Illustrate have just released another update to dPoweramp (CD Ripper) for both
Windows and macOS 2024-09-30
It’s included in the Music Converter Reference licence package.
Lots of details see … dBpoweramp R202x Release - dBpoweramp Forum
Illustrate have just released another update to dPoweramp (CD Ripper) for both
Windows and macOS 2024-09-30
It’s included in the Music Converter Reference licence package.
Lots of details see … dBpoweramp R202x Release - dBpoweramp Forum
Illustrate have released update 2024-11-04 for dPoweramp (CD Ripper) for both Windows and macOS
It’s included in the Music Converter Reference licence package.
For details see … [dBpoweramp R202x Release - dBpoweramp Forum ]
Thank Mike, I am in the process of ripping a large amount of CDs and did not notice the update was available. I must admit it is a very basic app, but very good at what it does and very easy to use.
It might appear basic to operate, and so it should be, but dig deep and you will find a lot going on.
Agreed, thanks Mike. Out of interest, what setting do you/others use to rip CDs. I am just using their Level 5 FLAC lossless encoding as it recommends.
We ripped all our CDs on level 5, nothing else special applied.
Tried uncompressed FLAC and could hear no difference - FLAC decompression is very efficient so doesn’t load up modern streamers.
All rips passed AccurateRip checks.
Thanks Iain. I am finding that every other CD I rip has 1-2 accurate rip errors, but if I persist in re-ripping them, most eventually pass.
Are you cleaning before ripping?
Only if my wife makes me.
Thought you might like that
Thanks for the link, I have a micro fibre cloth so I will definitely try this
By the way, I must admit the best sounding music on my system comes from CD rips played via upnp in the Naim app.

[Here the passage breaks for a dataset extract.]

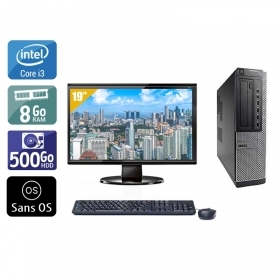 Dell Optiplex 9010 Desktop i3 avec Écran 19 pouces 8Go RAM 500Go HDD Sans OS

Hi again, I set dBpoweramp to FLAC level 5.
No mater what comp level you use, all get fully unpacked for streaming.
The unpacking process does not audibly affect SQ with my system.

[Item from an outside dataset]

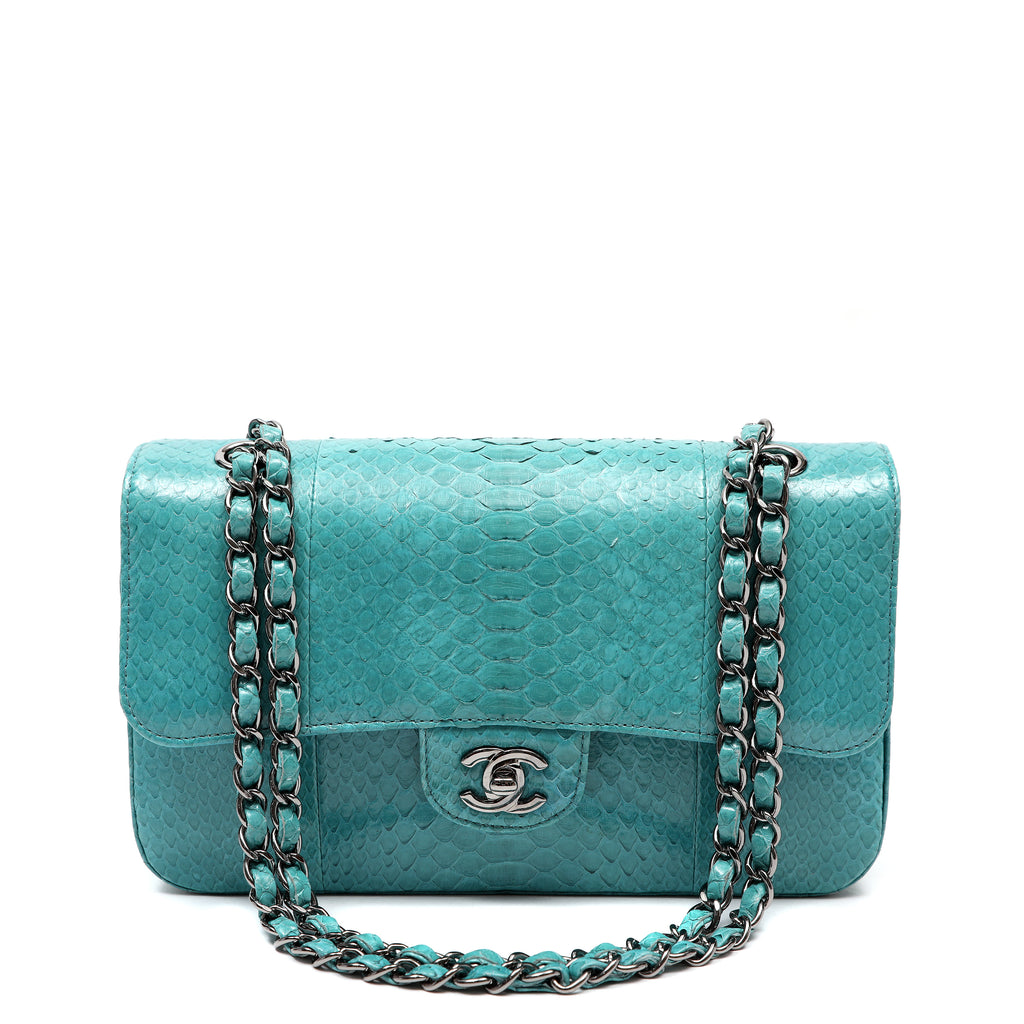 CHANELブルードゥ ChanelTurquoisePythonClassicDo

NB: to rip FLAC to be uncompressed you need to set to “Uncompressed”
Level 0 has is the minimum compression level, but is still compressed.
I wipe all CD’s with an antistatic e-cloth, even if new.

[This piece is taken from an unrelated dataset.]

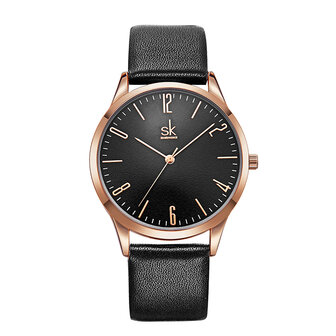 SHENGKE SK K9003 paar lederen Simple Dial elegante ultradunne behuizing mannen vrouwen quartz horloge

If I get a dirty CD I use a Tile & Glass cleaner & kitchen paper, then e-cloth
But given a choice these days, I opt for 24bit downloads over 16bit CD
Thanks Mike, yep agreed on downloads. I am just ripping a couple of boxes of old CDs to get them onto my NAS. It is a job I have been meaning to do for about a year!
I note you have an Asustor Flashstor 6 NAS, an unknown on this forum.
Also its a 6 bay, thats a lot of disks for just music, what else do you have on it, I assume games an stuff?
HI Mike, it was a new purchase a few months ago. I believe it is the first of its kind - an NVMe NAS. It is completely silent and the NVMe disks are SO fast it renders movies and videos instantly. It is also proving very good as a music server with Minim server installed.
NVMe 4Gb disks cost a lot less than SSDs too and have read/write speeds that put them to shame.
Indeed, because of the nature of FLAC the same compute effort is required to decompress level 0 as level 8. The difference in the compression effectiveness, and therefore compute effort is all at the encoding end. Unless you have a slow computer that does the ripping there is no reason not to compress at level 8… which is what I do. Sure it’s diminishing returns in terms of storage saved, but when you have many hundreds of CDs it all helps, and the other settings were really for the computers of yesteryear.
Hi, What is your NVMe NAS?
Interested as I will need to moved my main NAS from 10TB to 12TB disks and the 10TB to the primary backup NAS, as the current 8TB volume is full and only 0.5TB left on the secondary backup NAS.
All are RAID0 volumes (correction RAID1)
The last move to the 10TB disks on the main NAS, passing down 8TB etc was 8 years ago, so the expansion of my library has slowed considerably, as the previous move to 8TB from 6TB & 6TB from 4TB & 4TB from 2TB was every couple of years.
I had begun looking at a multi-bay NVMe enclosure to use with 4 4TB SSDs and use this as DAS, but the overall cost is still more than 2 12TB disks (same with 2 8TB SSDs), plus my access and rsync backups are all network based, so a NVMe based NAS would be a solution.
Raid 0??? If one disk fails you will lose the lot!